Filistin'e yürüyemedi EMİN BELDE. Korkak İsrail oğullarıyla ÇÖLDE 40 yıl bekletildi EMİN BELDE. İsrail oğulları da mecburen beklediler. Emin Belde'den kutup içinde kutup (Tin-Zeytin gibi) Bıldırcın ve kudret helvası MİSAL kelimeleriyle anlatılan quadropole olmuştu. 40 yıl gecikmeyle bu kez EMİN BÖLGE Kudüs'e taşındı. O an eski adı Yaruşalim (Yaru=Arazi, alim=Selim, emin) Arapçasından örnek, "Sağ-salimen varmak gibi" Şalmut=Selamet. Kentin tam adı KUDDÜS AL ARU-SALİM. Kuddüs>>>Kudüs>>>Kutsal'ı bir yerden daha anımsayacaksınız. "KUTSAL TUVA (Tuba) VADİSİNDEN" Emin ve Kutsal TUVA bu kez kutsal ve selametli Jarusalem olmuştu.

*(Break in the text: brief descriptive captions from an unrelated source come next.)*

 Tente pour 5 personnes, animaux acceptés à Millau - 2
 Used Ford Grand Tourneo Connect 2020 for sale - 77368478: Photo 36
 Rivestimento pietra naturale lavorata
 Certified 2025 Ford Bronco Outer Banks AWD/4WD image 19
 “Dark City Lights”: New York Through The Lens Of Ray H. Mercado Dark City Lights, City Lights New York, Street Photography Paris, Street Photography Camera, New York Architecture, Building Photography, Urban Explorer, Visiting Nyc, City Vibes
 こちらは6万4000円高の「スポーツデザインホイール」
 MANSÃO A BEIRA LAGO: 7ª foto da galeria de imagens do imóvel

Davut, o bölgedeki Anak oğlu devlerin lideri Calut(Galot, Goliath)ı öldürdü. Ve Kral Davut zamanında burası İbranilerin yurdu ve başkenti oldu. Aynı yere bir tür KABE ve biraz da PRAMİT karışımı bir mabed yapıldı. Tıpkı piramitler gibi, ifrit denen bir cin ırkı tarafından devasa bir Süleyman mabedi yapıldı. (Ağlama duvarı, bunun bir duvarıdır, diğerleri yıkılmıştır.) Zaten Ziggurath'da olduğu gibi İFRİTLERİN yaptığı herşey sonradan bir şekilde ilahi gazaba uğrayıp YOK EDİLİYOR. Yani paranormal olarak yapılan inşaatları Allah'ımız iptal ediyor, onlar geçici kalıyorlar. Nitekim, bugünkü ağlama duvarı, sadece İNSAN eliyle yapılmıştı. Ama daha sonra İFRİTLER (Ephrates) TESHİR edilip de Süleyman'ın emrine verilince, diğer kalan yapı, çarçabuk bitti. İfritlerin yaptığı bölümler yok oldu.
İkinci krallık ve krallığın alameti olan Tabutüssekine'yi yazalım? (Önemli)

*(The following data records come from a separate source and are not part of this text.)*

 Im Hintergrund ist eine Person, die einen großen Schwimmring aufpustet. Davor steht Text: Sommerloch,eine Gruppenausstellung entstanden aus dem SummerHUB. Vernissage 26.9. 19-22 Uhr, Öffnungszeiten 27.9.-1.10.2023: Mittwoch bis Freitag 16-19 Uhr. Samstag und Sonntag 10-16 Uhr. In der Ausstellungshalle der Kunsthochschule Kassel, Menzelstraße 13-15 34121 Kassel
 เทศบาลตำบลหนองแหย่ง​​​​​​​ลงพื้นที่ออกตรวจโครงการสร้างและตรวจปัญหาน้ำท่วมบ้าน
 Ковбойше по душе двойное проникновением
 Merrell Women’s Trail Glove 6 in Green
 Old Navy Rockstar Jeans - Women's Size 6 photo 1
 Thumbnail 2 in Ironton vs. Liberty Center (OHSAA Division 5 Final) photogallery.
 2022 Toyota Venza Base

247- Peygamberleri onlara: "Allah, size hükümdar olmak üzere Talût'u gönderdi." demişti. Onlar: "Ona bizim üzerimize hükümdar olmak nereden geldi? Oysa hükümdarlığa biz ondan daha lâyıkız, ona maldan bir genişlik, bir bolluk da verilmemiştir." dediler. Peygamberleri de "Onu sizin başınıza Allah seçmiş ve ona bilgi ve vücut bakımından bir güç, bir genişlik vermiştir." dedi. Hem Allah, mülkünü dilediğine verir. Allah'ın rahmeti geniştir, o her şeyi bilir.

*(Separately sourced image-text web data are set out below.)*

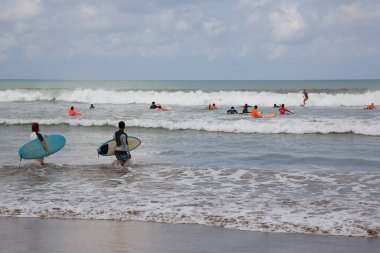 Sahildeki suda sörfçülerin görüntüsü, seyahat çekimi
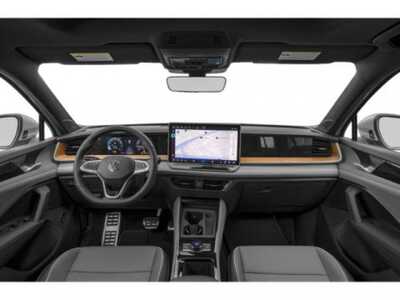 2026 Volkswagen Tiguan, $44446. Photo 10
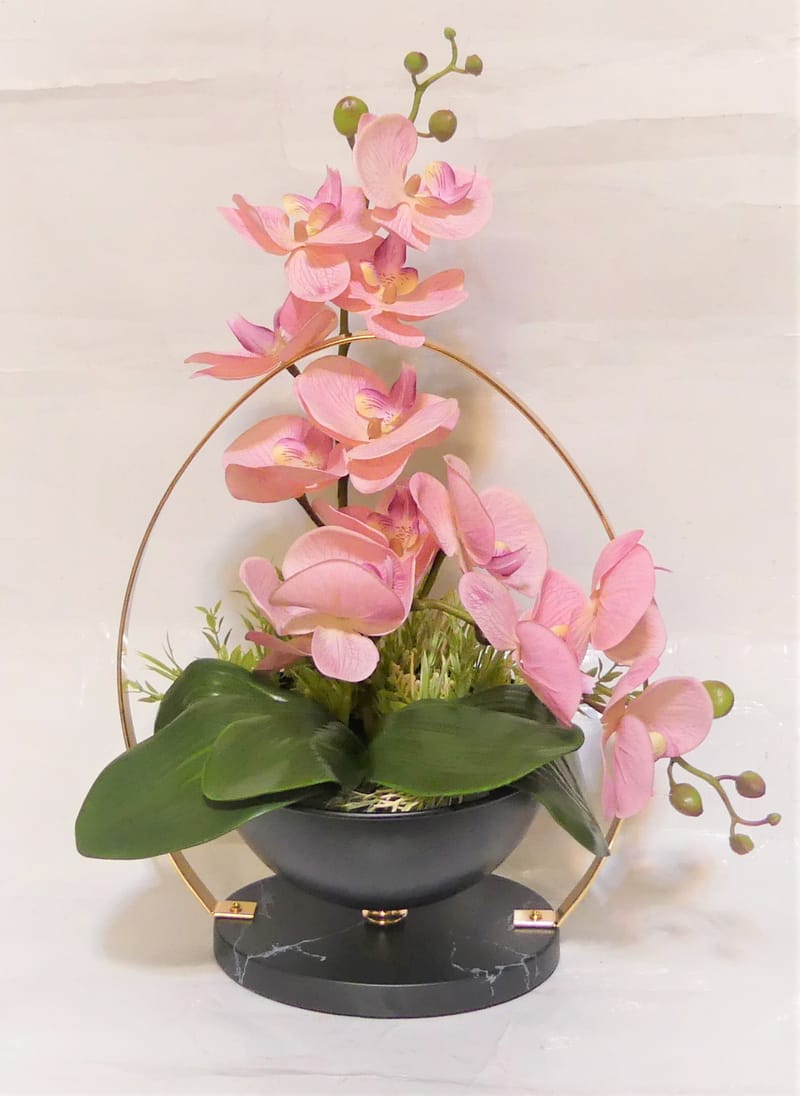 מבחר מרהיב של אגרטלים עם פרחי משי איכותיים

248-Peygamberleri, onlara şunu da söylemişti: Haberiniz olsun, Onun hükümdarlığının alâmeti, size o tabutun gelmesi olacaktır ki onda Rabbinizden bir sekine (sükûnet, gönül rahatlığı), Musa ve Harun ailelerinin bıraktıklarından bir bakiyye (kalıntı) vardır. Onu melekler getirecektir. Eğer iman etmiş kimselerden iseniz, bunda sizin için kesin bir ibret, bir alâmet vardır.
249-Talut, ordu ile hareket edince dedi ki: "Allah sizi mutlaka bir nehirle imtihan edecek. Kim ondan içerse, benden değildir. Kim de onu tatmazsa, işte o bendendir. Ancak eliyle bir avuç alan başka (bu kadarına ruhsat vardır)." Derken içlerinden pek azı hariç, hepsi de varır varmaz ondan içtiler. Talut ve beraberindeki iman eden kimseler nehri geçtiklerinde. "Bizim bugün, Calut ile ordusuna karşı duracak gücümüz yok." dediler. Allah'a kavuşacaklarına inanıp, bilenler ise şu cevabı verdiler: "Nice az topluluklar, Allah'ın izniyle nice çok topluluklara galip gelmişlerdir. Allah, sabırlılarla beraberdir."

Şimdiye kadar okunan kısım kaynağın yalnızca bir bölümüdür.